Textes philosophiques

Michel Serres       comparaison contrat social,  contrat naturel


    "On dirait que le règne du droit naturel moderne commence en même temps que les révolutions scientifiques, techniques et industrielle, avec la maîtrise et la possession du monde. Nous avons imaginé pouvoir vivre et penser entre nous, pendant que les choses obéissantes dormaient, toutes écrasées sous notre emprise: l'histoire des hommes jouissait de soi dans un acosmisme de l'inerte et des autres vivants. On peut faire l'histoire de tout et tout se réduit à l'histoire.

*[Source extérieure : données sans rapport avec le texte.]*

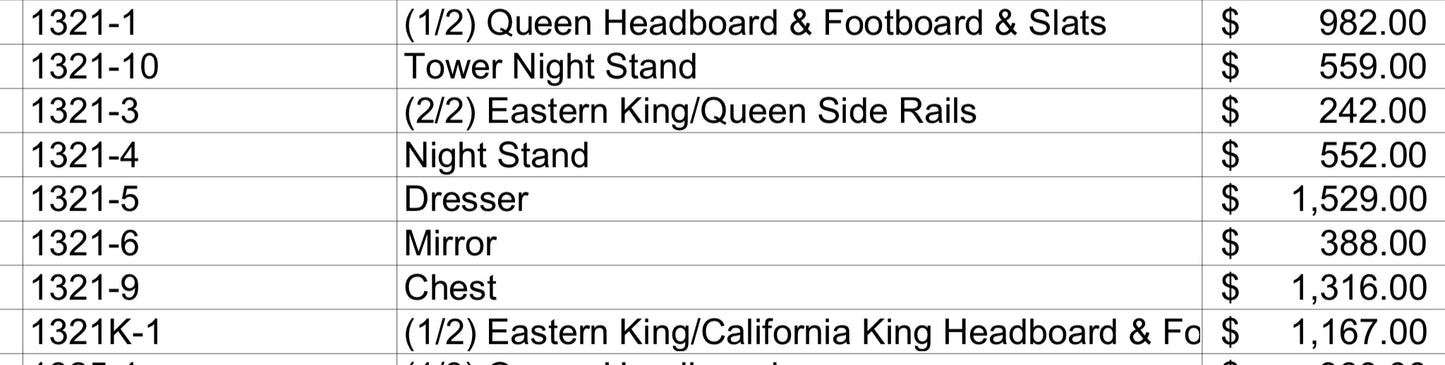 Model 1321 Panel California Stocks Bedroom Set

     Les esclaves ne dorment jamais longtemps. Cet intervalle prend fin à ce jour, où la référence aux choses nous rappelle violemment. L'irresponsabilité ne dure que pendant l'enfance.

     Dans quel langage parlent les choses du monde pour que nous puissions nous entendre avec elles, par contrat? Mais après tout, le vieux contrat social, aussi, restait non dit et non écrit: nul n'en a jamais lu ni l'original ni même une copie. Certes, nous ignorons la langue du monde, ou nous ne connaissons d'elle que les diverses versions animistes, religieuses ou mathématiques. Quand fut inventée la physique, les philosophes allaient disant que la nature se cachait sous le code des nombres et les lettres de l'algèbre: ce mot de code venait du droit.

     En fait la Terre nous parle en termes de forces, de liens et d'interactions, et cela suffit à faire un contrat. Chacun des partenaires en symbiose doit donc, de droit, à l'autre la vie sous peine de mort".

Le Contrat naturel, Champ Flammarion, p. 68-68.